The next step was to make a provisional fund for unexpected expenses; a pot to dip into specifically for a rainy day. This ended up being my most ambitious goal – $400 of savings, accounted for as an expense within the zero-based budget method.

I was proud to put some kind of plan together. It’s something my parents are excellent at; my mum even keeps a daily tally of household expenses in a diary and my dad is notorious for stuffing loose cash into different pant pockets to be surprised by later (it’s a legitimate saving tactic).

The trial period

The fortnight started out well; I was cooking more at home and catching up with friends over cheap and cheerful activities ($16 for tenpin bowling and three hours free parking at Westfield Newmarket felt like a win).

I’d accounted for a June birthday in my family that would take me out a couple of hundred dollars. Sure, it was out of my pot of ‘savings’ but that’s what it was there for – those infrequent expenses.

Then, a surprise expense not even my measly savings could afford – car troubles.

One thing about me, I’m perpetually cursed with cars. It’s kind of a running joke with my friends. Parking fines I could manage, but a failed warrant of fitness and a $450 bill for a broken taillight lens I could not.

I was shaking my fists at the sky. I’d gone grossly over budget. With birthdays and outings and unexpected car failure, I’d spent well over my allocated $400, and I couldn’t take back what I’d already overspent elsewhere.

My budget had gone into negative; I’d officially spent more than I’d made. Zero-based budgeting was not for me.

Expert advice

I spoke to Hannah McQueen, financial force of nature and founder of enable.me, to understand why this was. When I explained my spending habits, McQueen wasn’t surprised. Turns out I’m just not a saver, I’m a spender.

“Maybe it works for people who are naturally good at managing their money, but I think for people who aren’t pre-disposed that way, maybe they’re more of a spender or they’ve got kind of unusual money beliefs because of their upbringing, I don’t think zero-based budgeting is effective at changing those behaviours.”

Hannah McQueen, financial force of nature and founder of enable.me. Photo: Supplied

It’s true – my parents and I have grown up in completely different socio-economic environments. Where they’ve felt strapped for cash at times, I’m fortunate that money isn’t a constant stressor in my life.

McQueen says this is why zero-based budgeting might work better for people who are already conscious about money or living paycheque-to-paycheque.

“I think it’s pre-disposed to people who don’t tend to spend money anyway.

“People are often better at budgeting the less money they earn, because the money has to go further. As you earn money, you become more relaxed with how you spend it, which is why it doesn’t translate to progress.”

McQueen says zero-based budgeting can also be a hard thing to wrap your brain around if you’re used to traditional budgets – for one thing, you’re left with a figure of zero at the end of it all.

“You don’t get much satisfaction from it because it’s zero. At least with a traditional budget, you’re measuring your savings build, whereas here the whole objective is to get zero. That feels so depressing before you’ve even started.

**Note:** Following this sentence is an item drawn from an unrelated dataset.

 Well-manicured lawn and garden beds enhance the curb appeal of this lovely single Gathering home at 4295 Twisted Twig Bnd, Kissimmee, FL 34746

“But it’s understanding who you are and who you’re not; if you’re a shopper, you need a different way to manage your money than if you’re a saver. A saver could do the zero-based budget and they’d be good at it. The shopper – it’s like death by a thousand cuts for them, it’s painful.”

McQueen says the method is good in principle, because your savings are budgeted for as an expense. However, the reality of it is that it’s all going to “slip through the cracks”.

“There’s a target, 20% of your income you want to be able to save, and in theory it’s supposed to force you to save. But the reality is nobody has money left over just from living. It feels fraught from the start. Most people can’t do that, they just sort of fritter it.”

Is there a way to do a zero-based budget and stick to it? Maybe, but you need an important enough goal that you actually want to stick to, McQueen says.

“You need a reason to care; most people don’t have a goal that’s exciting enough to stick to a budget for two weeks. It’s like me saying I’m gonna go on a detox for two weeks. For a lot of people there isn’t enough upside, so why would you care?”